Here is another video of Voxel Farm in UE4. This time we are lost somewhere in space:


This is using an Alien Biome we have available as an example. If curious, you can see how this terrain was built here. The biome and tutorial were created by one of our artists, Bohan Sun.

The biome is meant as an example. For this reason it is intentionally simple, but it holds pretty well for exploration as you can see in the video.

I took some time to create a blueprint for the little drone that lights the way for the character. I really enjoyed the experience. I wonder if we could write blueprints for real things, like asking your Roomba to fetch your slippers. There is some serious intelligence you could create with this system, once you have means to feed nav meshes and other actors into it, but I digress.

I hope you liked the video. More Unreal stuff coming later...

Thursday, January 28, 2016

Announcing Unreal Engine 4 support

We got Voxel Farm running in UE4. It s not a plugin yet, but we have included an example project that does all the tricky work. More development is required, but I believe this is at a state where others can benefit from it.

I'm already loving how nicely and quicly the voxel content renders. Here you can see the unreal dude on top of our alien biome:



I was thrilled when it took only a couple of clicks to get a good behaving character. Setting up lighting and atmospherics was also very easy. We are not fully exploiting the shading and many other toys in UE4 so it is bound to get much, mucher better.

Been able to just link to our C++ code makes the collaboration between the two engines a breeze. Thanks to that we can run on ARM platforms like iOS.

I leave you with a rather long run of a character over a Voxel Farm terrain. This is a work-in-pogress biome by a new artist that joined our team, Mr. Bohan Sun. You will also note this is only the bare voxel geometry, it is lacking all instanced meshes like grass, shrubs, smaller stones, etc.




I want to thank Alexander Ostman for donating his Voxel Farm/UE4 integration. This became the base of what we are offering today. Drop me a line if you want to get in contact with him.

Tuesday, January 19, 2016

Riding voxels into the sunset

For creative sandboxes, one recurrent favorite topic is starships, airships and ships in general. It would be very cool if you could actually fly or sail them and, while you do so, continue to build and destroy them.

The clipmap system currently in Voxel Farm sees the entire world as a single monolithic entity.

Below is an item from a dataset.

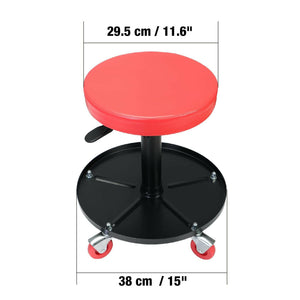 big-red-professional-adjustable-rolling-creeper-seat-with-tool-tray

While fragments may be detached from the voxel world, they are kept as meshes and optionally voxelized back into the world when they stop moving.

We are working on a new system that breaks the scene in not only one clipmap, but as many clipmaps as necessary. Here is a video showing the basics of how this works:



The video uses spheres for simplicity. The key here is that each sphere is an object that lives in a different clipmap.

Just like with a single clipmap, portions closer to the camera will get greater resolution, but very unlike the single clipmap, these entities now can be moved around and placed at any arbitrary position, scale or rotation.

Even if the camera is not moving, a given entity may be moving respective to the camera. If the entity approaches it will get higher resolution representation.

I look forward to building a castle, lifting it with massive zeppelin-like devices and exploring the world while comfortably sitting next to a fireplace. Pretty much like Pixar's Up, but with siege weapons.